Supply direct file name when loading data from dataset

Question

Supply direct file name when loading data from dataset

sephiartlist opened this issue 2 years ago · comments

Hi,
Thx for your example using clearml

Regarding loading data in the preprocess_data file - It may be confusing to supply the name of the files.
I would think that it should be taken from the dataset.file_entries' or dataset.list_added_files()` or some config

It would be great if you could do a video on the relationship between datasets and the add_files and the best practices between them. the documentation is a bit dull.

Victor Sonck · Answer 1 · Tue Jul 26 2022 15:46:51 GMT+0800 (China Standard Time)

Hi @sephiartlist

Thank you for the feedback! Yeah, you're probably right in saying that I shouldn't have hardcoded nasa.csv. That said, even if I used dataset.list_added_files(), I'd still have to choose which file to use, which means that in this case I would do: dataset.list_added_files()[0] which imo is as bad as hardcoding the name.

The original reason I did it this way, was to make the example very verbose. Knowing we want to get nasa.csv makes it clear to people what file was added to the dataset in the previous step. Do you agree with this?

For what concerns the datasets, check out our new video that goes a little more in depth on the usage of ClearML data. And feel free to let us know (here or in the comments) whether it helped or not and which things are still confusing :)

sephiartlist · Answer 2 · Tue Jul 26 2022 18:21:01 GMT+0800 (China Standard Time)

Hi,
Thx for the updated video.
My remark came after considering how to use datasets in our use case, which involve 2 types of data formats: multiple Tabular files and images.
What would be the best practice when managing these data?

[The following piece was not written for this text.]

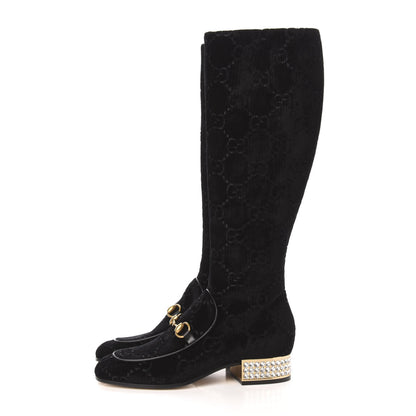 Gucci Velvet GG Monogram Crystal Horsebit Knee High Boots 36 Black 4 of 8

At what stage should we fuse the data? should the fused data be versions in some sort dataset? or each of the tables should be managed separately without creating any fused dataset between the tables and/or the relevant images?

Victor Sonck · Answer 3 · Wed Jul 27 2022 17:46:06 GMT+0800 (China Standard Time)

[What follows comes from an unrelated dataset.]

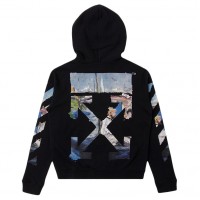 OFF-WHITE Diag Print Zip Up Hoodie Black/Multicolor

That entirely depends on your use-case. ClearML data will allow you to do both pretty easily.

The easiest from a clearml data standpoint is to have everything together in 1 dataset. Clearml data does not care about a mix of different data types.
My personal opinion is that this makes sense for example if these data are created together and used together, might as well see them as one whole. E.g. images and their json labels make sense to put into a single dataset IMO

If you want to keep things separated, you could create 2 datasets one for the images and one for the tabular files, then have a third dataset that uses the squash for example to unify them. You could also always pull both datasets in the code and merge them there.

Again, my personal opinion is that this only makes sense when the 2 are independent of each other, meaning it might happen that images are coming in and get a new version, but there is no new tabular data. In that case the versions are out of sync. Even then it could make sense to go route 1, but that's personal preference I think.